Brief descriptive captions
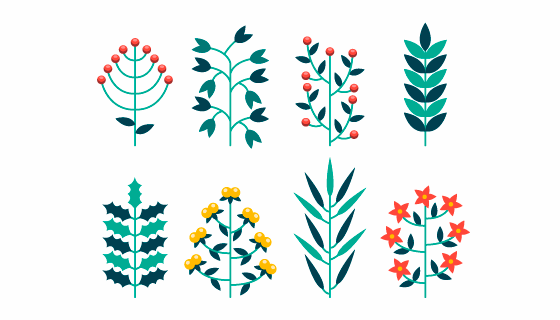 扁平风格冬季花卉矢量素材(EPS/AI/PNG)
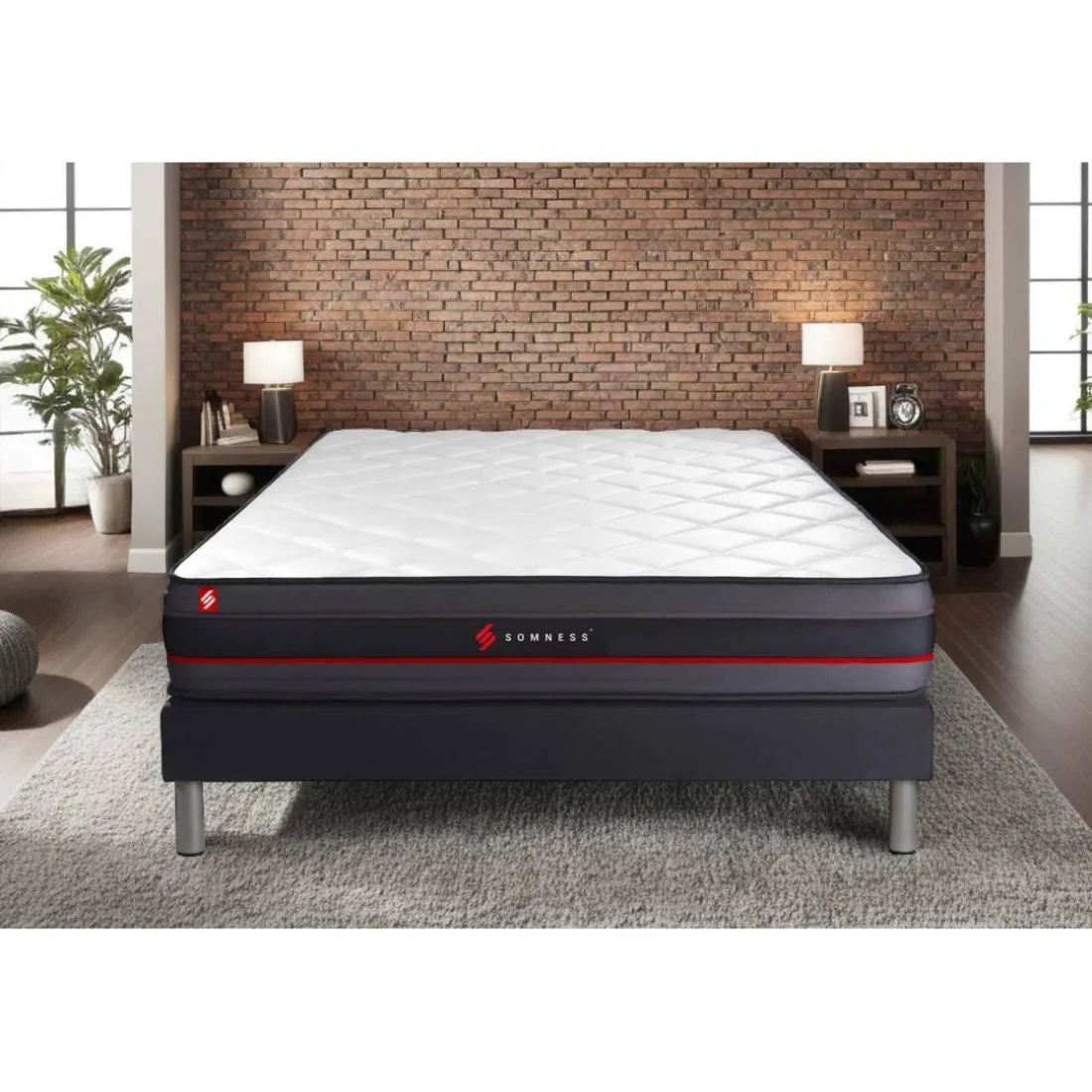 Ensemble matelas REGEN a memoire de forme sommier kit noir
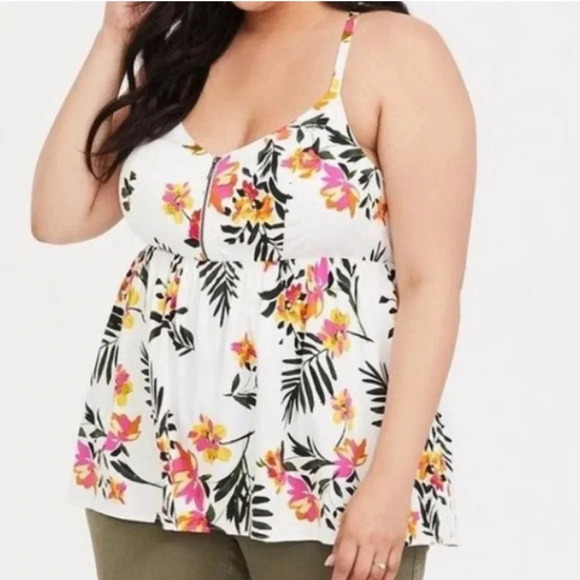 TORRID FLORAL TANK BLOUSE TROPICAL RACER BACK FLOWY CUTE BRIGHT VACATION - Picture 2 of 8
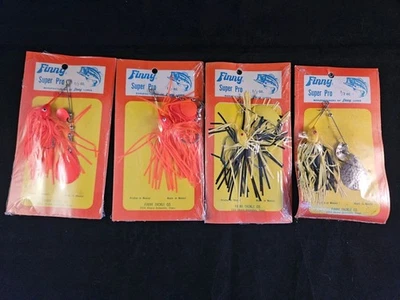 4 Finny Super Pro 1/2 oz Vintage Spinnerbaits, NOS, Orange, Yellow/Black - Image 1 of 4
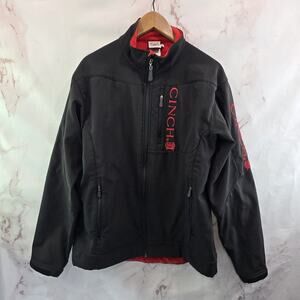Cinch Jacket Mens Medium Black Red Full Zip Softshell Windbreaker Fleece Bonded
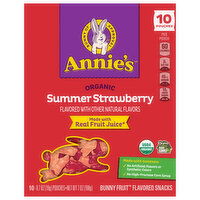 Annie's Fruit Flavored Snacks, Organic, Bunny, Summer Strawberry, 10 Each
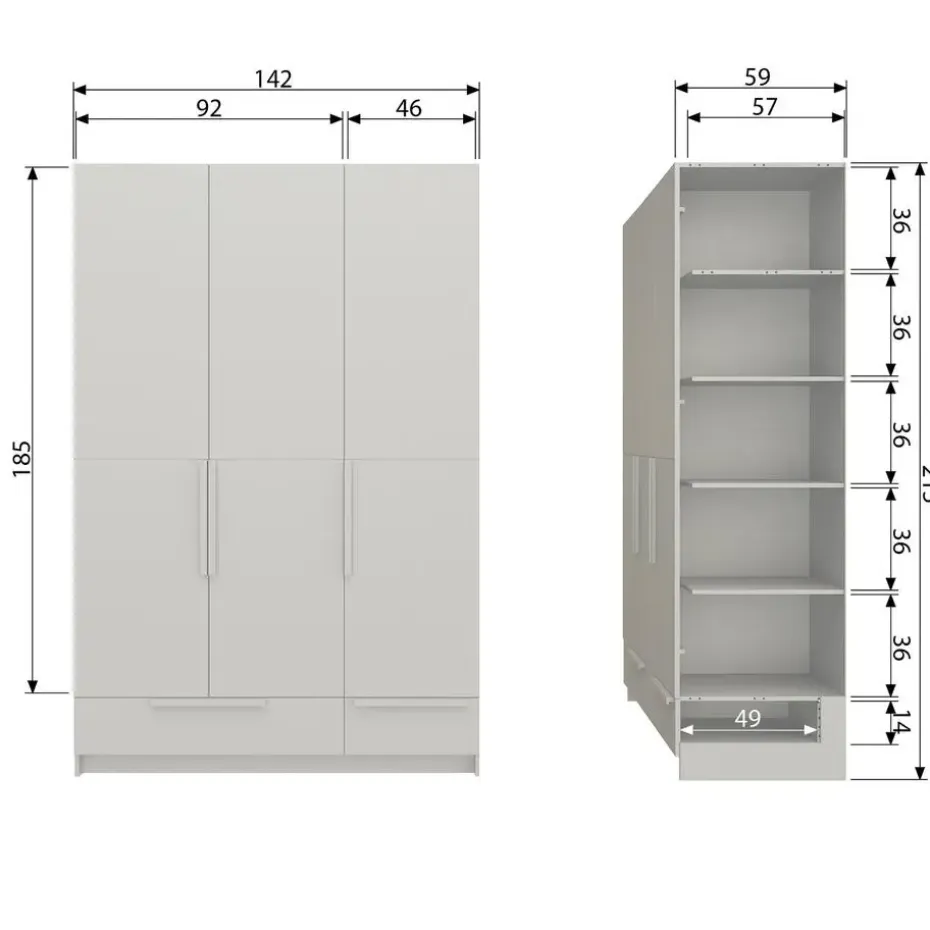 WOOOD Pure 3-deurs Hang/Legkast Splitdeur - Grenen - Dust - 215x142x60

• _Work request_
Only an exact, picture-free copy of the entries counts as the answer.

• _Written solution_
 扁平风格冬季花卉矢量素材(EPS/AI/PNG)
 Ensemble matelas REGEN a memoire de forme sommier kit noir
 TORRID FLORAL TANK BLOUSE TROPICAL RACER BACK FLOWY CUTE BRIGHT VACATION - Picture 2 of 8
 4 Finny Super Pro 1/2 oz Vintage Spinnerbaits, NOS, Orange, Yellow/Black - Image 1 of 4
Cinch Jacket Mens Medium Black Red Full Zip Softshell Windbreaker Fleece Bonded
 Annie's Fruit Flavored Snacks, Organic, Bunny, Summer Strawberry, 10 Each
 WOOOD Pure 3-deurs Hang/Legkast Splitdeur - Grenen - Dust - 215x142x60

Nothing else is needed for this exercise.